SPARK-2282: Reuse PySpark Accumulator sockets to avoid crashing Spark

JIRA: https://issues.apache.org/jira/browse/SPARK-2282 This issue is caused by a buildup of sockets in the TIME_WAIT stage of TCP, which is a stage that lasts for some period of time after the communication closes. This solution simply allows us to reuse sockets that are in TIME_WAIT, to avoid issues with the buildup of the rapid creation of these sockets. Author: Aaron Davidson <aaron@databricks.com> Closes #1220 from aarondav/SPARK-2282 and squashes the following commits: 2e5cab3 [Aaron Davidson] SPARK-2282: Reuse PySpark Accumulator sockets to avoid crashing Spark (cherry picked from commit 97a0bfe1c0261384f09d53f9350de52fb6446d59) Signed-off-by: Patrick Wendell <pwendell@gmail.com>
author: Aaron Davidson <aaron@databricks.com> 2014-07-03 23:02:36 -0700
committer: Patrick Wendell <pwendell@gmail.com> 2014-07-03 23:02:47 -0700
commit: 313f202e27878bb9a1ec425defd248203bc73c5f (patch)
tree: 4e8312fa6fd0a547cb34de43f4c6578c2df2488d /core
parent: cf1d46e46518c818d20f07cdaabbd8069d877ca8 (diff)

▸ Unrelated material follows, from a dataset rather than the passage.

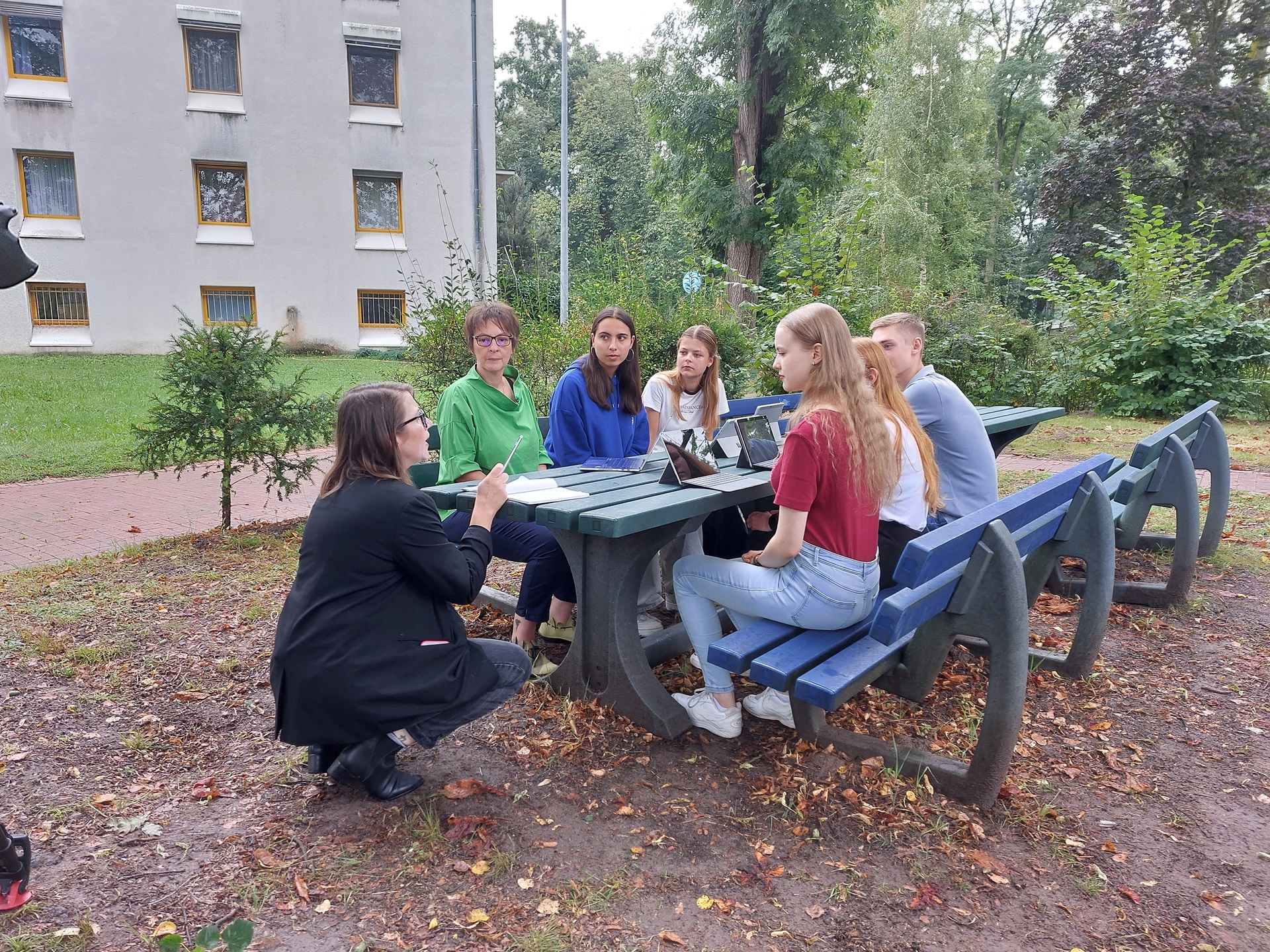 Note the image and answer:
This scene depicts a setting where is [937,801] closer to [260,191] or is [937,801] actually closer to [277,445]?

download: spark-313f202e27878bb9a1ec425defd248203bc73c5f.tar.gz
spark-313f202e27878bb9a1ec425defd248203bc73c5f.tar.bz2
spark-313f202e27878bb9a1ec425defd248203bc73c5f.zip
1 files changed, 2 insertions, 0 deletions
diff --git a/core/src/main/scala/org/apache/spark/api/python/PythonRDD.scala b/core/src/main/scala/org/apache/spark/api/python/PythonRDD.scala
index 57b28b9972..0217a58e08 100644
--- a/core/src/main/scala/org/apache/spark/api/python/PythonRDD.scala
+++ b/core/src/main/scala/org/apache/spark/api/python/PythonRDD.scala
@@ -402,6 +402,8 @@ private class PythonAccumulatorParam(@transient serverHost: String, serverPort:
     } else {
       // This happens on the master, where we pass the updates to Python through a socket
       val socket = new Socket(serverHost, serverPort)
+      // SPARK-2282: Immediately reuse closed sockets because we create one per task.

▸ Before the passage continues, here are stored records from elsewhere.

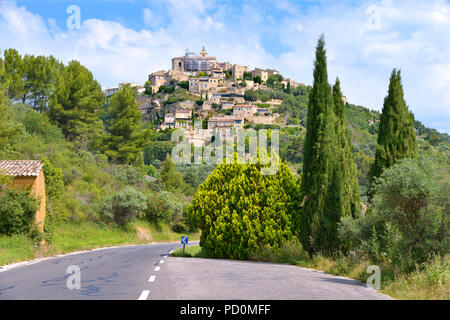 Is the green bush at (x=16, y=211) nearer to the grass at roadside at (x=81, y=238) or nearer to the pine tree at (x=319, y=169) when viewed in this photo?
the grass at roadside at (x=81, y=238)

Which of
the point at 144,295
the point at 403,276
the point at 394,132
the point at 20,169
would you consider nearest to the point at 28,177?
the point at 20,169

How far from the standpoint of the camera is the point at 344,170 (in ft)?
60.2

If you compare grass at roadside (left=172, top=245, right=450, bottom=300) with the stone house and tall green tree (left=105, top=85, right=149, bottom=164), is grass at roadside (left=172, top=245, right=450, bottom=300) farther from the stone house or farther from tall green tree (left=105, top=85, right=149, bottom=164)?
tall green tree (left=105, top=85, right=149, bottom=164)

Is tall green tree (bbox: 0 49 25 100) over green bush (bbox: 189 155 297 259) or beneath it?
over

+      socket.setReuseAddress(true)
       val in = socket.getInputStream
       val out = new DataOutputStream(new BufferedOutputStream(socket.getOutputStream, bufferSize))

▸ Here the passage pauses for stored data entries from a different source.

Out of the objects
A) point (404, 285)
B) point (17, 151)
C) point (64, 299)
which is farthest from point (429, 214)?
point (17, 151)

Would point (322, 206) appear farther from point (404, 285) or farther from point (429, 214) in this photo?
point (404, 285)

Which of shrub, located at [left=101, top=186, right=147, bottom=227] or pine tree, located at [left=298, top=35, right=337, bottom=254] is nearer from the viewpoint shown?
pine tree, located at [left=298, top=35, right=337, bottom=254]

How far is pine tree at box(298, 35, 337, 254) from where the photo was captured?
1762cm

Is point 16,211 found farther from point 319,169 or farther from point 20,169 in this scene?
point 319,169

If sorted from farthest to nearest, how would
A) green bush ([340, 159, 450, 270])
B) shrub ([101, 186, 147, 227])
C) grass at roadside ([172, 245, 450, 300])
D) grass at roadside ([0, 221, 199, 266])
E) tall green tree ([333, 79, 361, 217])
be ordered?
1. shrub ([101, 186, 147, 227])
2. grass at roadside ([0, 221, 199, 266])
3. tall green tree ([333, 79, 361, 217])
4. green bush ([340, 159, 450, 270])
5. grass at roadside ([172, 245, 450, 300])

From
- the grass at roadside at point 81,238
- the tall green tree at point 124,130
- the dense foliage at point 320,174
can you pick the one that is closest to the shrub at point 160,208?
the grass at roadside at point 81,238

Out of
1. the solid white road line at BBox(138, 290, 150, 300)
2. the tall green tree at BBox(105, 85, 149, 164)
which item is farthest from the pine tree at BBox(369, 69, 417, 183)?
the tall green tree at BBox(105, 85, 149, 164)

       out.writeInt(val2.size)
author	Aaron Davidson <aaron@databricks.com>	2014-07-03 23:02:36 -0700
committer	Patrick Wendell <pwendell@gmail.com>	2014-07-03 23:02:47 -0700
commit	313f202e27878bb9a1ec425defd248203bc73c5f (patch)
tree	4e8312fa6fd0a547cb34de43f4c6578c2df2488d /core
parent	cf1d46e46518c818d20f07cdaabbd8069d877ca8 (diff)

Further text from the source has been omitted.